What if we could train a system to automatically identify the foods at popular restaurant chains and simplify food logging? With frequent lunch-time trips to restaurants near the lab, we took photos of known foods and trained a first version of the food recognition model. This use case was an example of “food in context” – where the system recognized foods from known menus. We could always refer back to the menu if we, or the system, were unsure of what it was seeing. We were never hungry, and often the results of our daily training experiments ended up as leftovers for dinner! But, like a good plate of brownies, we found food visual recognition to be addictive!

The larger challenge we took on was what we called “food in the wild,” where the system doesn’t know the restaurant menu or a user’s food history. We started by searching for images of many different foods online, which produced an initial noisy data set with weakly labeled images. We did a lot of work to match the correct foods to the correct labels to clean up the data set, and today we have the largest known collection of more than 1.5 million labeled food images corresponding to 2,000+ different foods. We further developed a taxonomy around the foods that allowed us to classify foods hierarchically. To improve the system’s accuracy, we came up with a novel idea to exploit this food hierarchy in combination with deep learning methods for fine-grained recognition. This model forms the basis of the Visual Recognition food model.

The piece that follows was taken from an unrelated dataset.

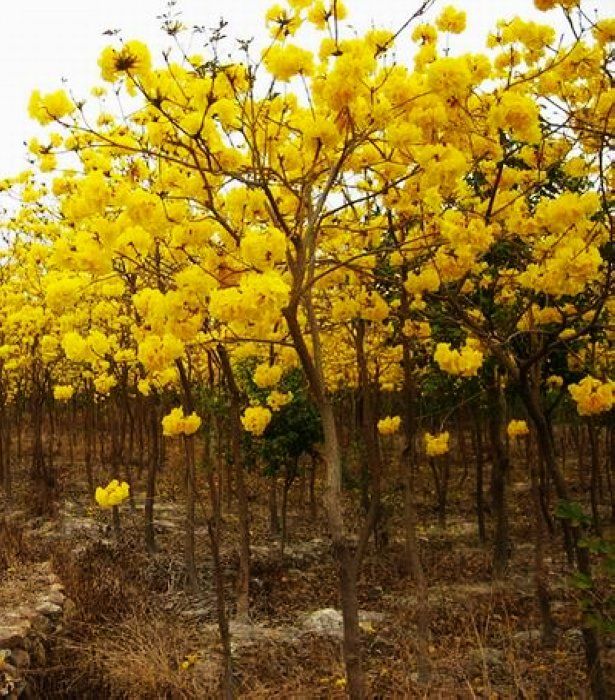 Tabebuia chrysantha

Using the food model in the Visual Recognition API, Watson focuses specifically on the food shown in the photo. Thus, it is different from general visual tagging, which identifies other information in a photo, such as a plate, knife, blanket, strawberry, table, and people in a picture of food.


Photo of chocolate-covered strawberries and the returned tags provided by the Watson Visual Recognition food model

With the food model, the system homes in only on the food in the photo – in the example here, this would be the strawberries. The accuracy of food identification is only one piece of our model. The system’s recognition goes deeper by performing fine-grain recognition of the foods. In the case of the strawberry dish, it might also tag the photo as “strawberry dipped in chocolate” when that label applies.  Using the hierarchy, the service might also label the photo as a “fruit dish,” which gives a higher-level category for the food. Traditionally, deep learning gives you a list of flat classification scores, but by utilizing the hierarchy and fine-grain classification, we trained the deep learning model to make better mistakes even when a food cannot be identified accurately [i].

As important as it is to teach the system “what is a plate of strawberries” – we had to teach the system what is food and what is not food. To make the service as efficient as possible, the food and non-food classifier and the fine-grained food recognition classifier share most parts of the deep learning networks while having separate branches at the top-level of the network. To make a prediction on a test image, the system only needs a single, very-fast forward pass through the food model to detect and categorize the foods.

Now that Watson has become an expert in recognizing what you’re eating, we’re excited to see the applications and interpretations developers and data scientists will build on our technology!

[i] Hui Wu, Michele Merler, Rosario Uceda-Sosa and John Smith. “Learning to make better mistakes: semantics-aware visual food recognition”. ACM Multimedia Conference, 2016.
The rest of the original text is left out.